THE TASK: Everything below from the line with "陜煤建設(shè)礦建三公司" through the line with "Полированный керамогранит ULTRA" must be retyped exactly, except the pictures.

RECORDS TO USE:
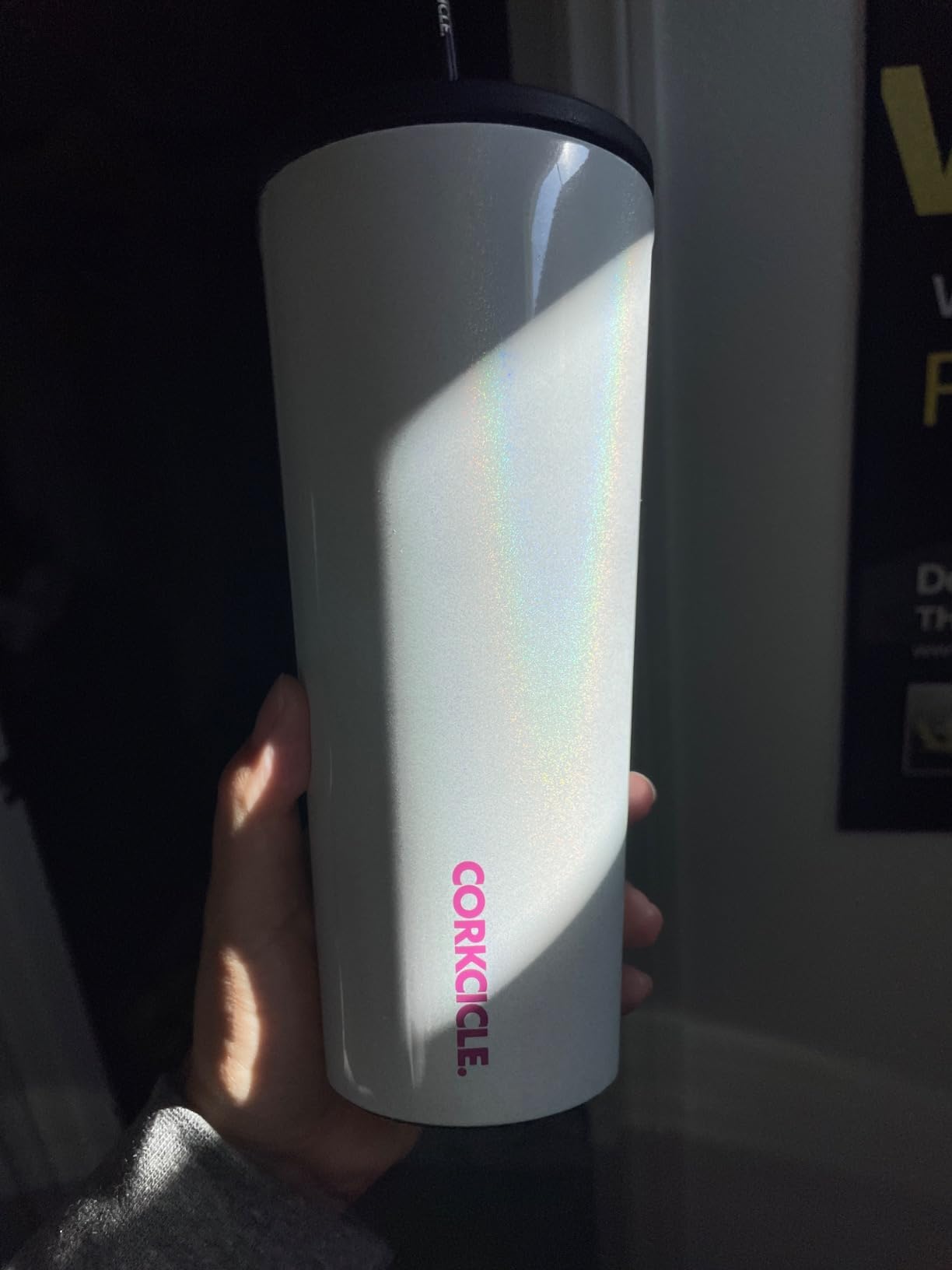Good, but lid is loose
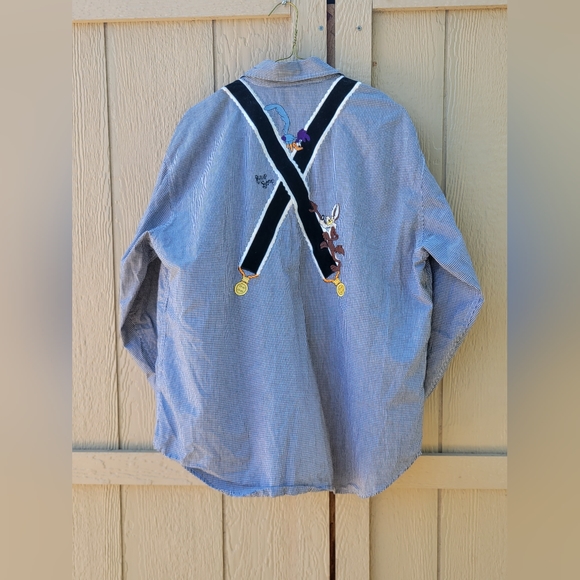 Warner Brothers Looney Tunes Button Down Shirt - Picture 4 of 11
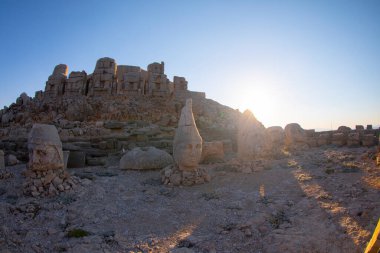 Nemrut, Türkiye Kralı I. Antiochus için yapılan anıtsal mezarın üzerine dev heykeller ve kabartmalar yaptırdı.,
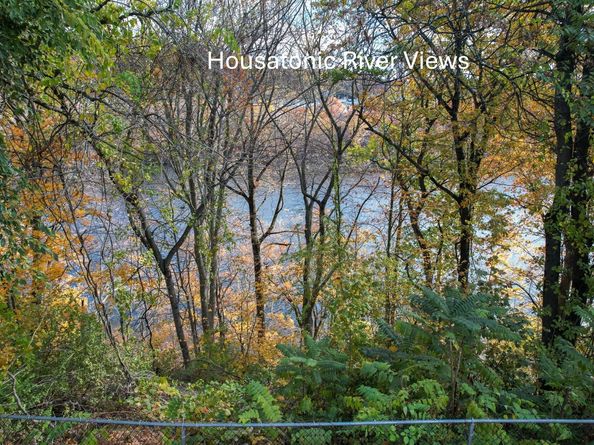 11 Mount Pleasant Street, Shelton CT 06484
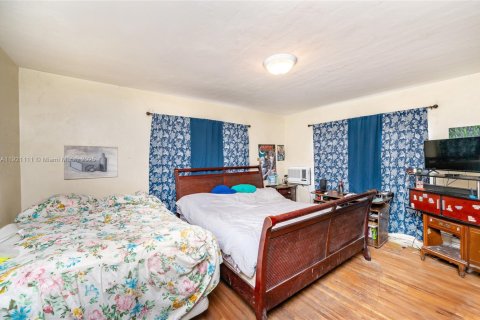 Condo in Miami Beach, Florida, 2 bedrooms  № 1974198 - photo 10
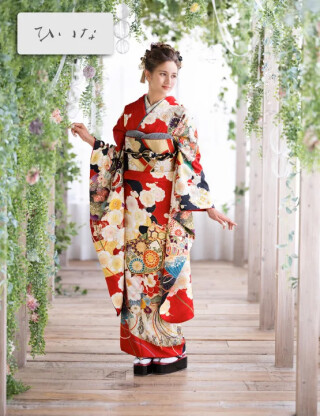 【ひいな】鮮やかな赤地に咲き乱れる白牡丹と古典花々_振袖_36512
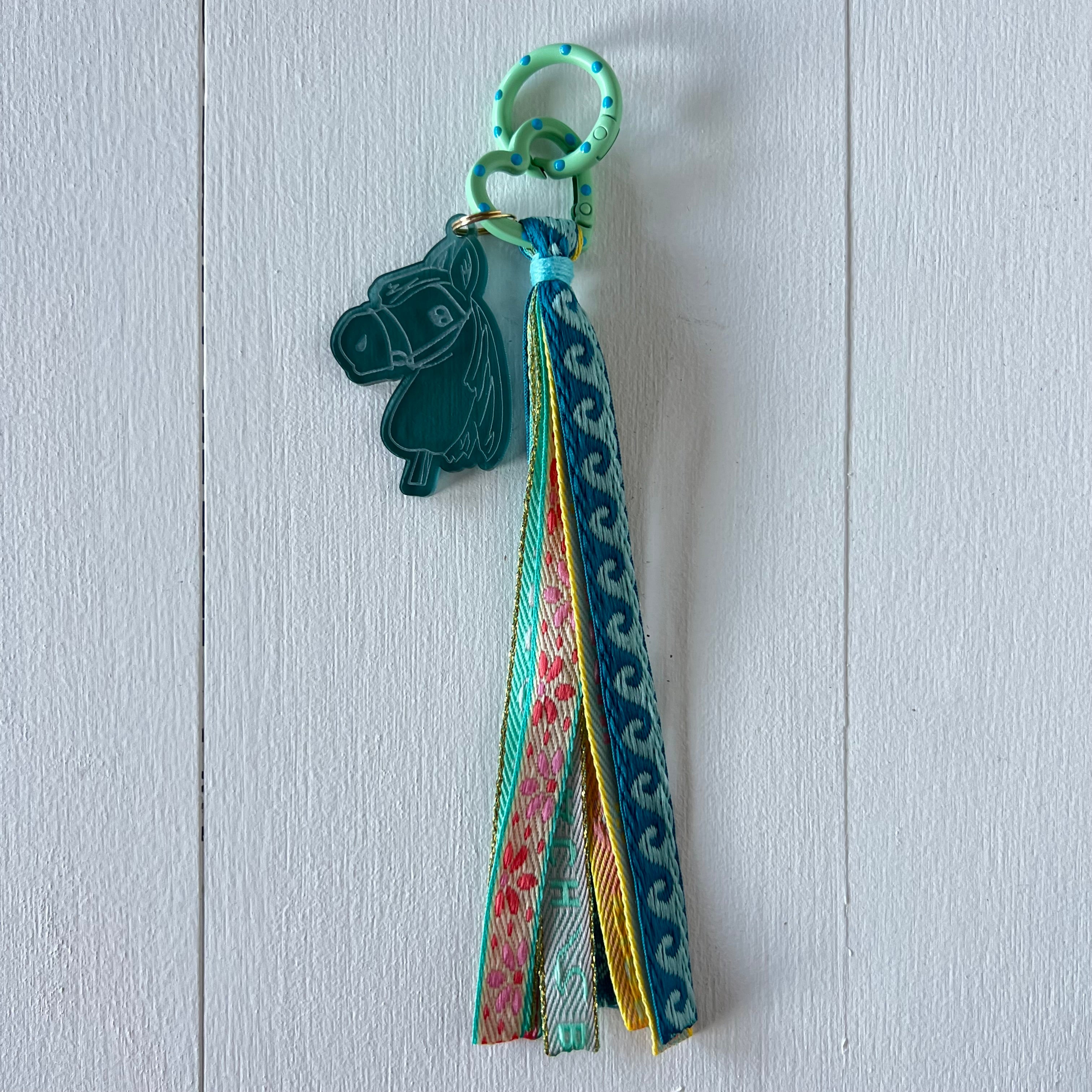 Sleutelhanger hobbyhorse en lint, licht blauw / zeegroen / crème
==
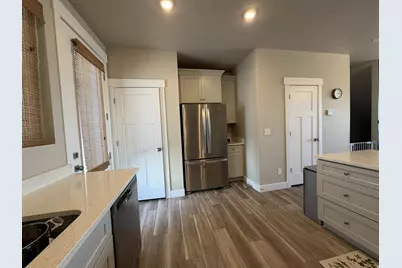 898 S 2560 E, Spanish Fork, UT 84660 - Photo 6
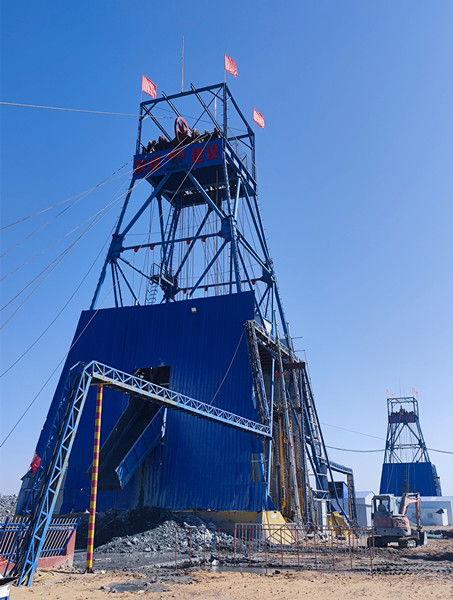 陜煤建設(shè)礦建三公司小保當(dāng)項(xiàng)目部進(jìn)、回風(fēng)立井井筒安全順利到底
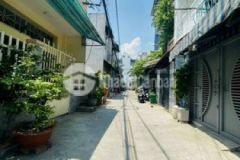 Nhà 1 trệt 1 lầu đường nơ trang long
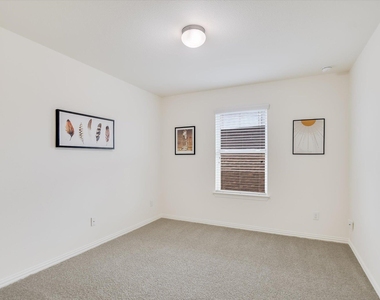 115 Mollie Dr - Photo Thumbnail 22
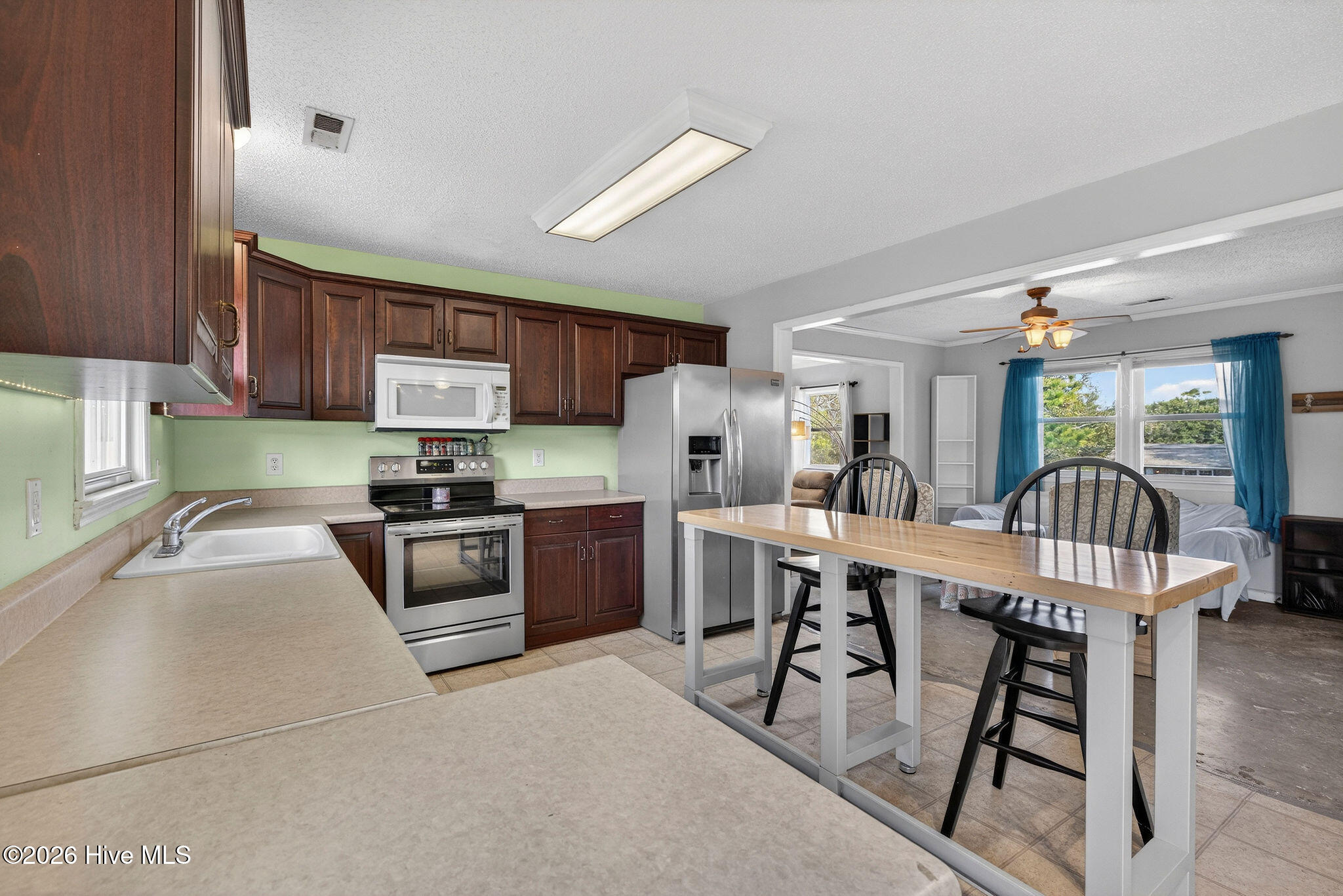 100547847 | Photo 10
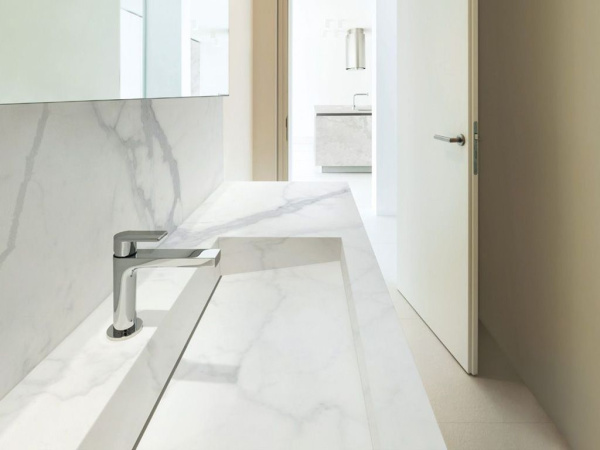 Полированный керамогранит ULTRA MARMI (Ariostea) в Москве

SOLUTION:
 陜煤建設(shè)礦建三公司小保當(dāng)項(xiàng)目部進(jìn)、回風(fēng)立井井筒安全順利到底
 Nhà 1 trệt 1 lầu đường nơ trang long
 115 Mollie Dr - Photo Thumbnail 22
 100547847 | Photo 10
 Полированный керамогранит ULTRA MARMI (Ariostea) в Москве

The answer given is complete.